What I Didn’t Know Growing Up

3 There is no soundness in my flesh because of your indignation; there is no health in my bones because of my sin. 4 For my iniquities have gone over my head; like a have burden, they are too heavy for me.(Psalm 38:3-4)

Working with teens, I am reminded of what I thought of God in my youth. Not that I have figured Him out now that I am older, in fact I might be more befuddled, but I was still a clueless teen. Youth does that. It’s a weird mix of ambition and ignorance. One of the constant battles I had growing up was not so much about His existence, while this is what I struggle with most now it was of little thought to me then, and more related to where I stood before Him. I mean, how could anyone know for sure they were “saved”? As a teen and young adult, I sinned like it was my job. I can only imagine the difficulty of youth today attempting to follow Christ in the age of free internet and Snapchat. (Side note, if you have a teen, consider having an internet filter on their devices. The increase of porn consumption in youth are at epidemic levels in both boys and girls.) 

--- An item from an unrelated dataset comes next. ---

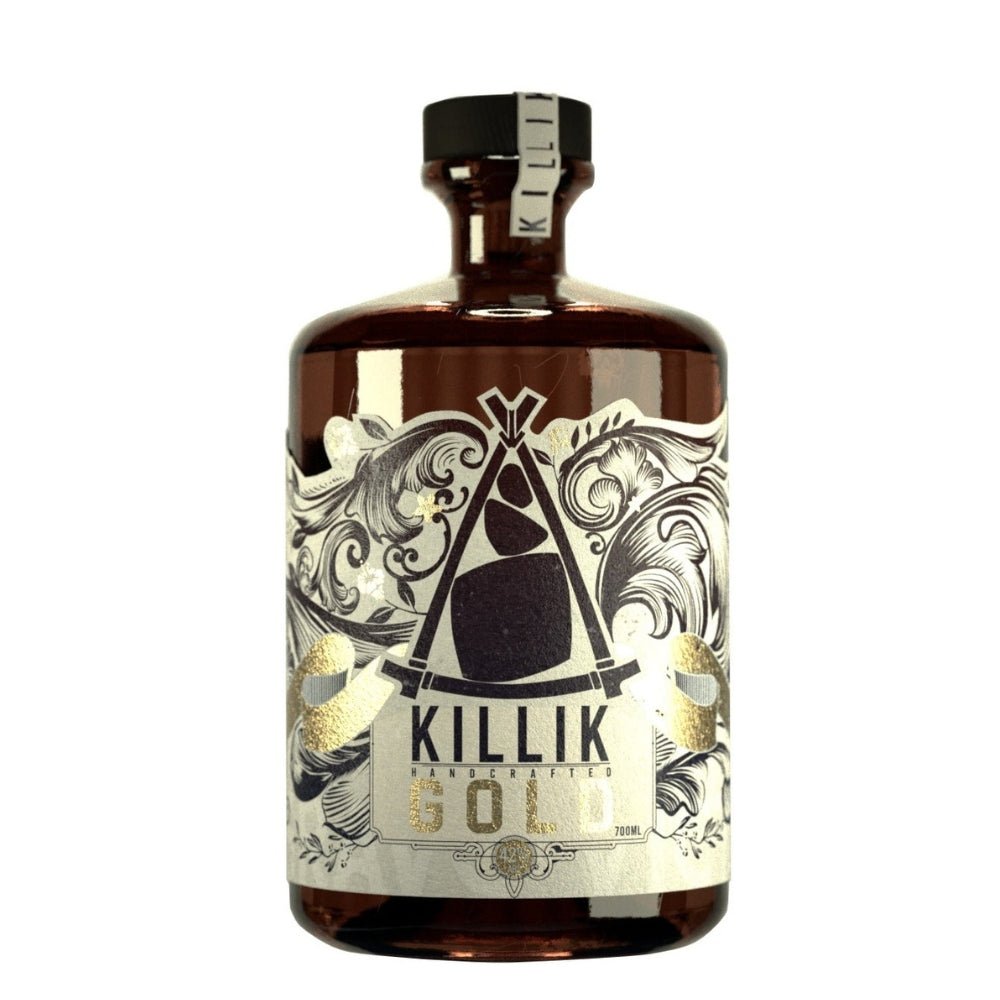 Killik Gold Aged Rum 700ml - Harold's Food and Liquor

The calling card of a believer in Christ is outlined here in Psalm 38. A follower simply feels convicted when they live contrary to Christ. Though not perfectly executed, there is a desire to meet His demands because it is known how much better His way is. Sin should bother us. We should not have peace until we have flooded our darkness with the revealing light of repentance. All too often we are bothered by the sin of others yet gently excuse the deeper sin within us – a sin of passivity and judgment. As we age, this unfortunately decreases in us. The tendency is to not be so violently active against sin – even the “little” ones. All of this, believe it or not, is the offspring of grace for judgment is it’s precursor. It is the authentic saint who freely acknowledges their guilt but then follows it up with the undeserved grace purchased for us in bulk at Calvary.

Today, in your walk toward something greater, are you settling? Are you excusing what needs so desperately to be dealt with? May the God of both conviction and grace find you today. Peace starts in the shadows.